One of the first articles I read in my study of the primitive hut was a piece by Erwin Panofsky, one of ‘the big three’ in art history, in the very first issue of the Journal of the Warburg Institute. I had come across it through Wolfgang Herrmann’s Laugier and eighteenth century French theory (1962), which contains a characteristically useful appendix listing some illustrations of huts.

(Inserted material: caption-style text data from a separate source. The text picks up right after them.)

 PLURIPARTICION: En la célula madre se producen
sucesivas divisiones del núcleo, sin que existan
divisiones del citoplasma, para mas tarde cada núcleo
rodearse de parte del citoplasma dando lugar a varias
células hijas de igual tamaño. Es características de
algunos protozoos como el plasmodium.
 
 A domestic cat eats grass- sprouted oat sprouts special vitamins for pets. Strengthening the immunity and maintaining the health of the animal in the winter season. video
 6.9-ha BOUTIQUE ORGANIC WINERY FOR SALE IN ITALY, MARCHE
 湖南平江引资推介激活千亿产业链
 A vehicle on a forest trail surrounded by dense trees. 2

Panofsky’s paper turned out to not only offer a collection of illustrations of Vitruvius’ origin myth, but also analyse the content of an enigmatic painting (Fig. 1) by the Florentine painter Piero di Cosimo (1462-1521). Up to that point it was interpreted as representing Hylas and the nymphs, but after Panofsky’s paper there was no question as to the real subject matter: the finding of Vulcan on Lemnos. Panofsky got to this authoritative verdict by closely scrutinizing the composing elements and coupling it to his extensive knowledge of classical texts and their 15th century reception. Moreover, he linked the painting to another one by the same painter, based on similar dimensions and style: that way he could identify the other panel as depicting Vulcan the arch-craftsman and first teacher of human civilization (Fig. 2). Crucial to that interpretation was the Vitruvian scene in the background, where the frame of a primitive house is built out of unsquared tree trunks.

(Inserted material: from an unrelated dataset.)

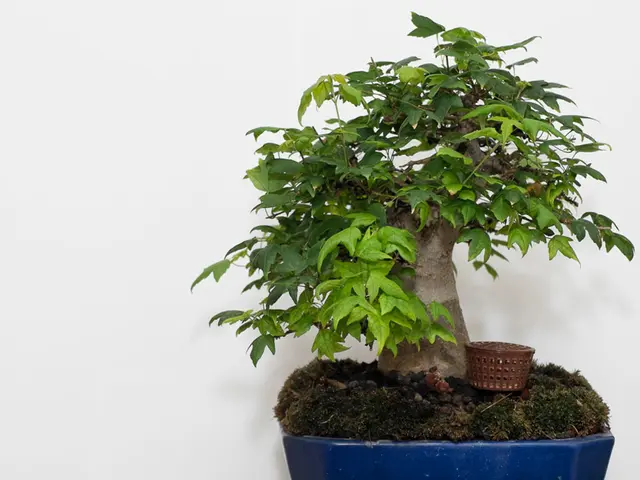 Bonsai Container Selection: Exploring Artful and Unconventional Choices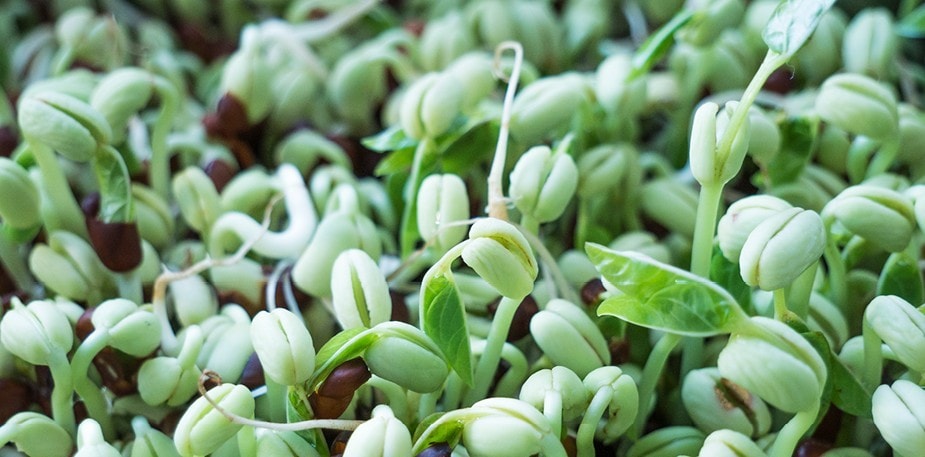 Idätä, mutta idätä varmasti!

These weren’t the only works dedicated to the dawn of civilization in Piero’s oeuvre. Panofsky goes on to discuss a series of three panels destined to be hung on the walls of a room (Figs 3-5). According to him, these paintings portray ‘the phase of human history which preceded the technical and social development brought about by the teachings of Vulcan, in other words, the age of stone in contrast with the age of metal.’ The central motif of all three panels is the raging forest fire ravaging the woods and frightening away the animals, which was an established part of classical origin myths, including that of Vitruvius in book 2. The panels show a sequence from ultra-primitive life, where all fight against all, to a more tranquil existence, with boats being built and with women present. The last panel shows the first tentative steps towards civilization, with a tiny hut and some primitive boats depicted.

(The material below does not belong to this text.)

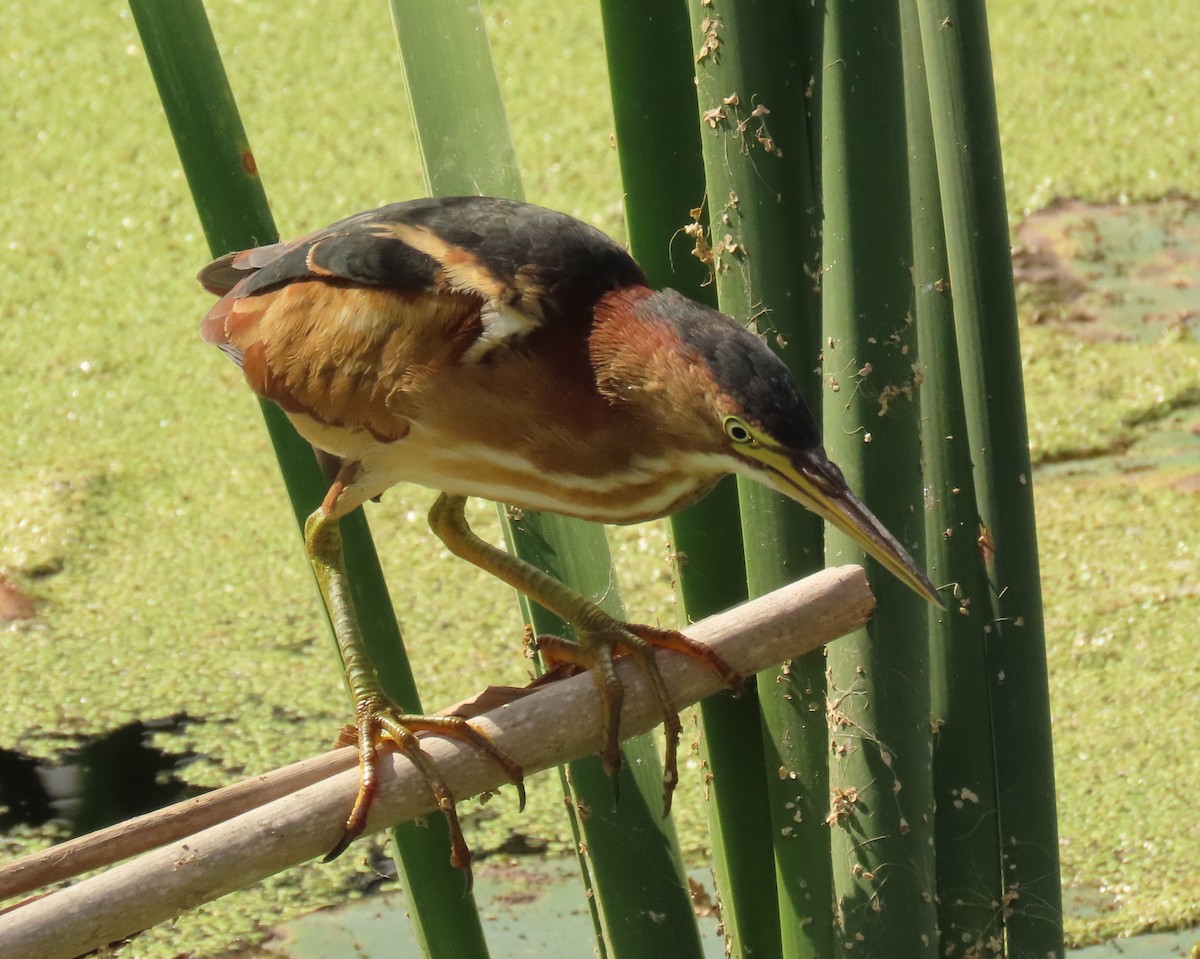 Least Bittern - ML645669037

Although Piero’s patron for these three panels had his reasons to commission this particular subject, Panofsky supposes that their extraordinary composition and attention to detail was mostly due to Piero himself. As we know from Giorgio Vasari’s account of the painter’s life and character, he was quite the primitivist. Piero had a ‘mad’ love for animals and everything in nature, despised human company, hated the noise of the city (especially church bells) and preferred living a secluded life. He frequently took long, solitary walks, according to Vasari because ‘when he was thinking on his own he could go ahead fantasizing and building his castles in the sky’. Piero hated interfering with nature and was contented seeing it wild and uncorrupted, which led him to leave the plants in his garden untrimmed, the fruit on the trees unpicked, and his workshop uncleaned. He disliked cooked food, living on hardboiled eggs that he prepared in great quantities in order to save fire, which he feared more than anything.
Vasari obviously didn’t have much patience with this kind of ‘bestial’ living, and even used Piero’s example to warn against mental derangement. Meanwhile, it was exactly this ‘derangement’ that led to some extraordinary paintings of the primitive life. Being very in touch with his own primitive side, Piero felt no need to depict these remote times as an idealized Golden Age or Arcadia, but made an effort to render them as realistic and concrete as possible. For this, he studied all that was available in his days in terms of evolutionistic theories (such as those of Lucretius) and archaeological research. As Panofsky puts it:
In his pictures we are faced, not with the polite nostalgia of a civilized man who longs, or pretends to long, for the happiness of a primitive age, but with the subconscious recollection of a primitive who happened to live in a period of sophisticated civilization. While reconstructing the outward appearances of a prehistoric world, Piero seems to have re-experienced the emotions of primeval man, both the creative excitement of the awakening human and the passions and fears of the caveman and the savage.
After painting the panels above, Piero remained fascinated with the early history of humankind. In 1515 he produced two more paintings on the subject, this time focusing on the Prometheus-legend (Figs 6 and 7). The panels show the human shape Prometheus fashioned from mud and clay, and the punishment he received from Zeus: an eagle pecking at his liver. Since these two stories come from two different episodes in the myth of Prometheus, it is not unlikely that the panels were originally part of a larger series. The eagle is usually described as punishment for Prometheus’ stealing fire from the Gods and giving it to humankind, a myth first encountered in the works of Hesiod (6th century BC) and worked out in greater detail by Aeschylus (5th century BC). Only in the fourth century BC authors added the episode in which Prometheus was involved in the (re-)creation of humankind.